I'm still thinking about it.
There is a rather large class of people for whom self-upvoting their main posts is the only way to see any return, what with curating being rather slack for many. I also do it for the little bit of extra money and, as a remote second reason, to give myself a pat on the back. Because I can.
I don't really mind self-upvoting, tbh, I mind repetitive self-upvoting of spammy comments. Repetitive, self-upvoted main postings are very visible to everyone, but dito comments are far less easily noticed.
As a solution to self-upvoting spammy comments, I don't think this will work, as the people who do such things are in all probability the same people who will circumvent it by using an extra account or extending the scope of existing circle jerks. That means you can't solve the problem without judging the spamminess of comments and the voting going on. A bot can give an indication something is amiss, but in the end this requires human judgment.
For the purpose of Steemit, I am just a user, and not interested in bandwidth considerations. Get things to work the way you want them, and then fix the bandwidth problems, if any.
Edit: I like experiments, and I would even like to see how this plays out, as long as the bot owners have the good grace to kill the bot when things don't go as intended and the perceived problem isn't solved.
This has only been true for a handful of days so the way you've described it here is not really true.
It's precisely the "because I can" angle that the bot is designed to challenge. I get you, it's the incentive and why not? But I feel it's negative over all. We're highlighting an area that requires a systems level change.
In addition, I like experiments so much, that you can use me as a test subject.

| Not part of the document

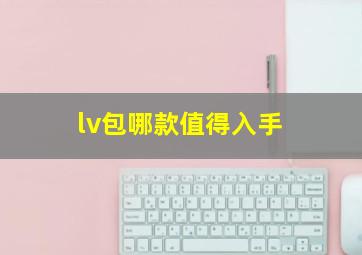 lv包哪款值得入手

I will still be upvoting my own main postings, so that should give you something to work with.
Awesome, great attitude you have, disagreeing, and yet willing to try it out. Thank you
As I said in the edit, I would love to see this play out. I also believe the real offenders will circumvent your solution within hours.
I experience and hear differently.
@l0k1 made the point of saying it was intended for determined offenders, the hope is to add friction to it. You'd be surprised how much UI affects behavior.
You know where I stand, so I am not saying this for myself, but I suspect that if you want more universal support, you should focus on the comments, not the main postings. You run the risk of forcing an opinion on people by bot, including people who aren't doing much wrong.
I'll definitely consider just targeting comments, perhaps you are right. The comments are problematic in a few ways. They worth of them is not really summarized on the post so it doesn't open the commenter to the kind of scrutiny that Steemit relies on to keep abuse in check.
I don't understand what you mean. How is it forcing an opinion?
It is an opinion that self-upvoting a main posting is a Bad Thingtm; an opinion not shared by everyone. Using a bot to enforce that opinion could make you lose support. Saying that repeatedly self-upvoting spammy comments is a Bad Thingtm is also an opinion, but probably one shared by most users.
Also, to say that we should have self upvotes because some people don't want to or can't produce a post worth voting on, doesn't mean we should leave it as it is. Do we make able bodied people use wheelchairs to make wheelies feel better? I think genuinely disabled people find this insulting.
As described in the updated section above, smackdown kitty will be giving upvotes to any user it previously flagged due to self voting. The upvote will only be small, maybe 1%, but it will be another number to the user's comments. Yes, every one of their comments not self-upvoted. And if they resume, the counter continues upwards.